Sorting a vector is in general is a very complex operation to describe in an optimization model. Assuming a descending sort, we can describe a sorted vector \(s = \text{sort}(x)\) via the constraints \(s = Px, s_i \geq s_{i+1} \) where \(P\) is a binary permutation matrix, \( \sum_i P_{ij} = 1, \sum_j P_{ij}=1\). To arrive at a MILP representation, a linearization (i.e. big-M representation) of the product \(Px\) is needed. Hence, the full model will not only introduce the large binary matrix \(P\) but also a large amount of additonal variables and constraints to implement the linearization. This is the model you obtain if you use the command sort in YALMIP.

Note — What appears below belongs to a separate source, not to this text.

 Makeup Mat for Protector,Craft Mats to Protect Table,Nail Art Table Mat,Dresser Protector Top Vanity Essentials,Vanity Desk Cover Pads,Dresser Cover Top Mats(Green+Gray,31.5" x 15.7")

In the general case, the problem is non-convex and we have no hope of an LP representation so we start our experiments with the MILP formulation on a small random case.

n = 4;
m = 10;
p = randn(m,1);
R = randn(m,n);
w0 = randn(n,1);

w = sdpvar(n,1);
objective = sort(R*w,'descend')'*p+norm(w-w0,1);
Model = [norm(w,inf)<=1];    

Increasing the problem size will quickly lead to problems where the solution-time starts to become problematic. In this general case there is not much to do (unless you are clever enough to come up with a better model than the one YALMIP uses, or you use a nonlinear solver as we do below, and accept that you solve a nonlinear non-smooth non-convex problem…)

LP to the rescue (?)

The problem here does not require the sorted vector explicitly, but only needs the result from the inner product \( \text{sort}(Rw)^Tp\) for a non-negative non-increasing vector \( p\). With the sorted vector having length \(m\), this can alternatively be stated as the weighted ordered sum of m largest elements of the vector, i.e., the limiting case of the operator weighted ordered sum of k largest elements which not only is convex but also linear-programming representable.

Hence, all we have to do is to replace the call to sort and the inner product with a call to sumk, and we have converted the model to an LP (after making sure we have a convex problem by generating a \(p\) satisfying the assumptions).

p = rand(m,1);p = sort(p,'descending');

objective = sumk(R*w,m,p)+norm(w-w0,1);
Model = [norm(w,inf)<=1];    
sol = optimize(Model,objective);

Promising and easily solved, and when we start increasing the problem size, it quickly becomes much faster than the MILP approach, which is to be expected. However, for rather modest problem sizes, also this model starts to run into performance issues.

The problem here is that an LP representation of the sum of the k largest elements grows quickly when k is large. Our original problem has \(n\) variables, and to represent the two norms, this grows to \(2n+1\) variables with an additional introduction of \(4n\) constraints. This is no big deal and is a fairly modest increase. The weighted ordered sum of k largest elements on the other hand introduces \(m k + k\) new variables and \(2mk\) constraints. Since we have \(k=m\) this means we have quadratic growth in the size of the sorted vector. Already for a modest case where the length of the sorted vector is 1000 we are working with an LP with millions of variables and constraints. The LP-representability comes at an enormous price here. We all fear exponential growth, but already quadratic growth can be a devastating slap in the face.

NLP - doing the forbidden

We have all learned to model things in a problem class which is as simple as possible. We celebrated above when we managed to derive an LP, but is it really sensible here? We have a convex problem in \(n\) variables, but to solve this using an LP we work with an intermediate expression of size \(m\) (in this application larger than \(n\) which requires \(O(m^2)\) variables and constraints to be modelled.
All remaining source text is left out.